*Task input*
-----

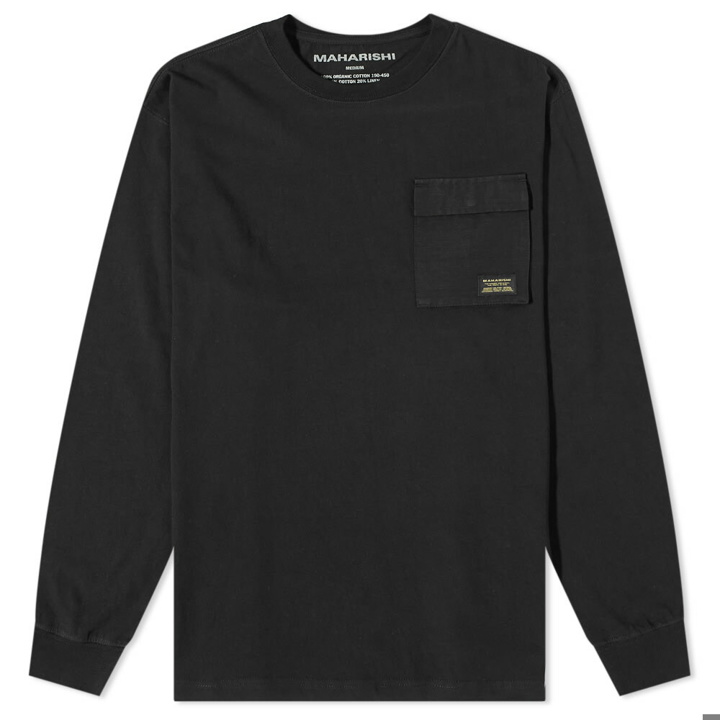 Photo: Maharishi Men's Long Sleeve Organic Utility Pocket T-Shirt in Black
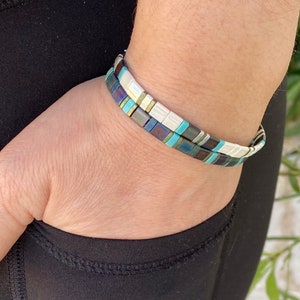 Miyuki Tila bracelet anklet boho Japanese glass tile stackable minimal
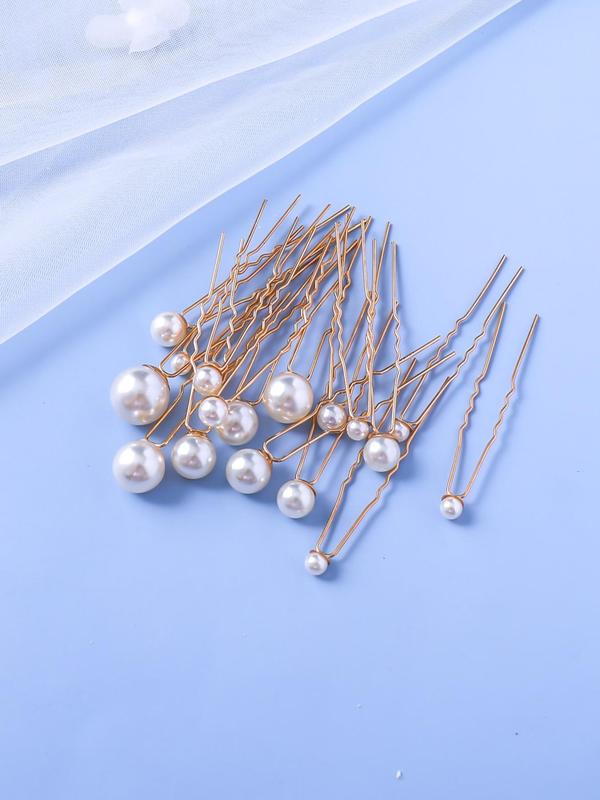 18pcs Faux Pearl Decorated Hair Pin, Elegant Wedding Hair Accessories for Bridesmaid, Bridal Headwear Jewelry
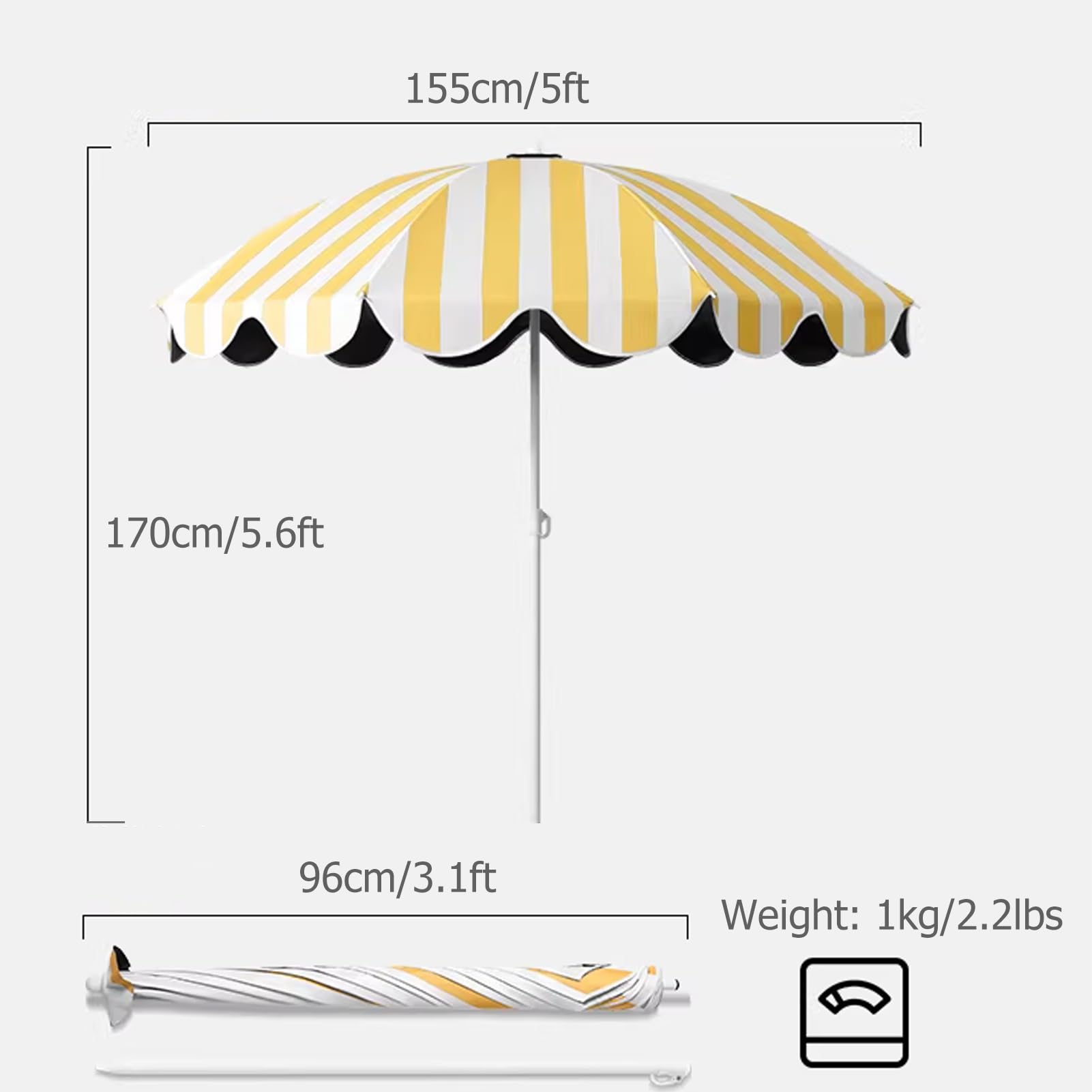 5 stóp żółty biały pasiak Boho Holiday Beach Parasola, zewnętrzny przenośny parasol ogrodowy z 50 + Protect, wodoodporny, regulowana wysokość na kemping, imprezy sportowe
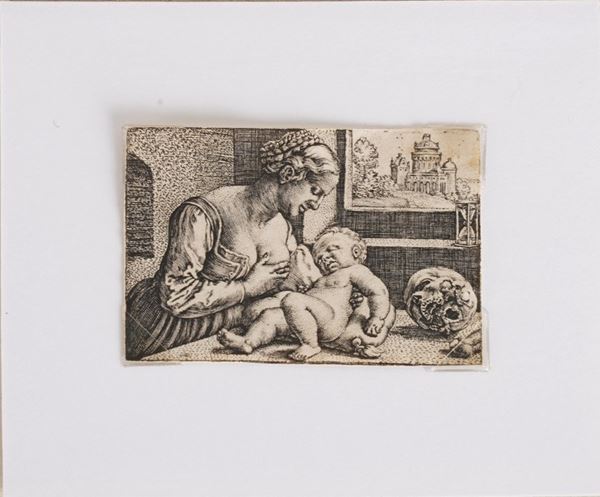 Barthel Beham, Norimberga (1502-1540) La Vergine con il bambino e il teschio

-----

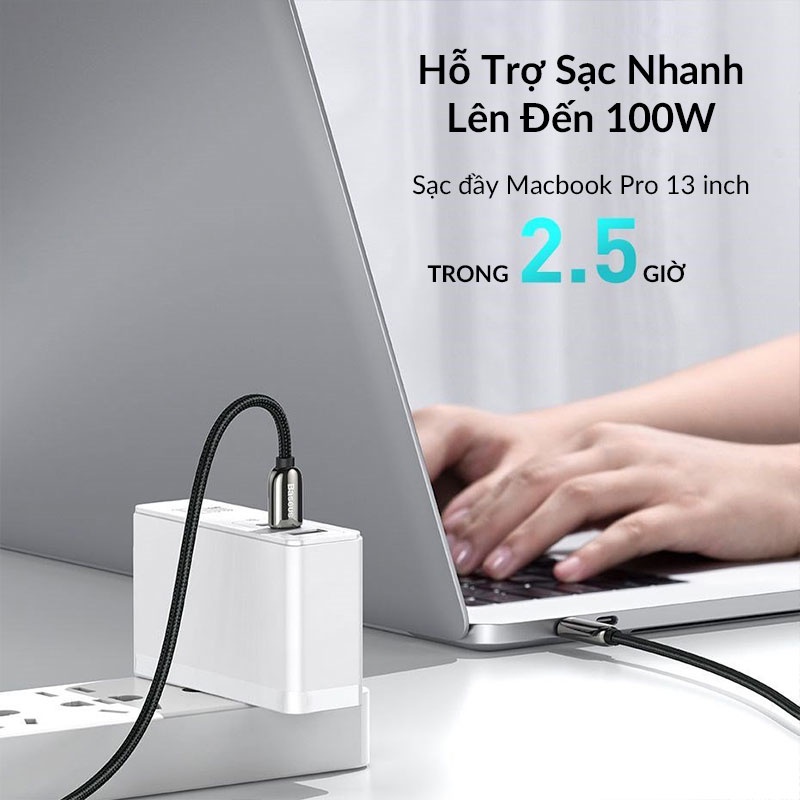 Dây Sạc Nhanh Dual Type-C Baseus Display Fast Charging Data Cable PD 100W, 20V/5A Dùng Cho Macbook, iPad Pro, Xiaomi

-----

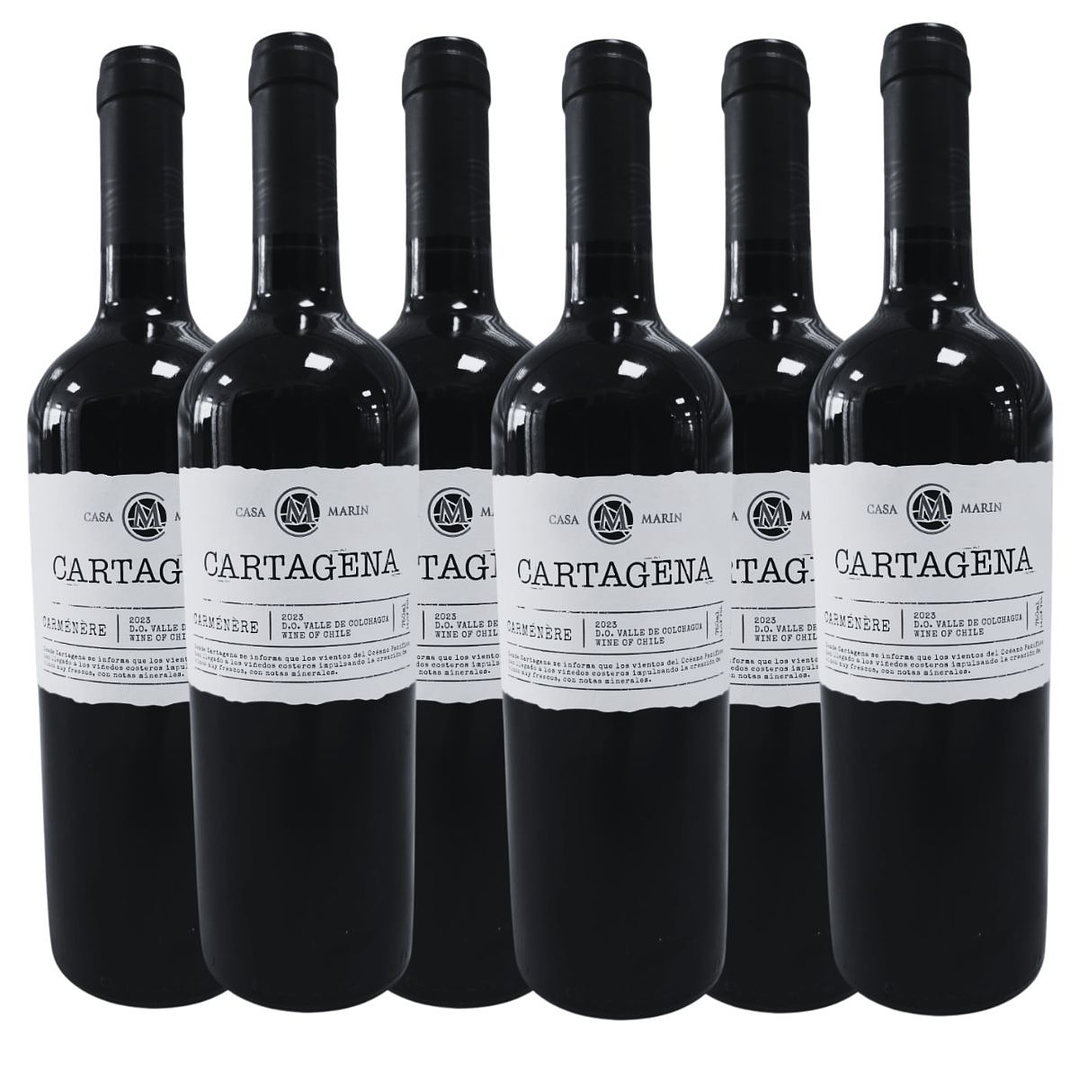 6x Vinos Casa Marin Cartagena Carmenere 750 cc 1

-----

*Your goal*
Beginning with the line that contains "Photo: Maharishi Men's", write out the lines of the material above exactly, and end with the line that contains "18pcs Faux Pearl". Omit the pictures.

*Answer box*
 Photo: Maharishi Men's Long Sleeve Organic Utility Pocket T-Shirt in Black
 Miyuki Tila bracelet anklet boho Japanese glass tile stackable minimal
 18pcs Faux Pearl Decorated Hair Pin, Elegant Wedding Hair Accessories for Bridesmaid, Bridal Headwear Jewelry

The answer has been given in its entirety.